Still, these flaws prove to be incredibly minor in the grand scheme of things. While you'll occasionally find yourself bottlenecked by annoying stages you'd rather skip, the worst of them (including the slippery auto-scrolling Plessie stages) are usually optional; you can often buy your way into a less irritating challenge if you've collected enough Green Stars along the way. And the rest of the time, you'll find yourself so caught up in the overall exuberance of 3D World that you'll quickly forget about its annoyances.

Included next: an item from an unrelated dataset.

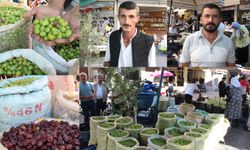 Kırma yeşil zeytine yoğun ilgi: Hem doğal hem ekonomik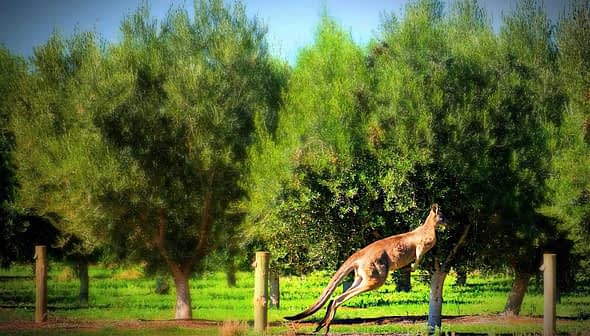 A kangaroo leaping through a grove of olive trees in a green landscape. - Olive Oil Times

Above else, practically every single element of 3D World works together in concert to create a feeling of unfettered joy. The brassy music -- fully orchestrated -- brings a big band vibe to the action; imagine the ragtime tunes of Super Mario Bros. 2 performed with the grandeur of Super Mario Galaxy and you should be able to conjure up a pretty good mental image of what 3D World sounds like. The tunes, as so often is the case for Mario games, syncopate with the on-screen action to create a cartoon world as lively as it is vibrant. Enemies behave with their own exaggerated logic as your protagonists don ridiculous costumes, skid to a halt like the Roadrunner, kick up dust and flames as they dash toward the flag, and emit comical sweatdrops in the face of danger. I remember being stunned all those years ago by Super Mario 64's resemblance to a real live interactive cartoon, but 3D World makes that world look like a cave painting by comparison.
3D World's greatest strength lies in the boundless creativity on display. Each level offers a new challenge, a fresh surprise, an unexpected twist on the Mario formula, and there's vastly more content to the game than you'd think at first glance. I could enumerate at length the many ideas and inventions that characterize the game's stages, but the joy is in discovery. My advice: Experience it for yourself.
A spot-on exploration of what Nintendo really does best: Create varied and surprising twists on concepts and ingredients you thought you knew inside-out. The fact that 3D World remains lively and interesting despite calling back to so many well-loved classics serves as a succinct reminder as to why Mario remains successful after so many years and so many games: At its heart, the series is ultimately just about having simple, unpretentious fun.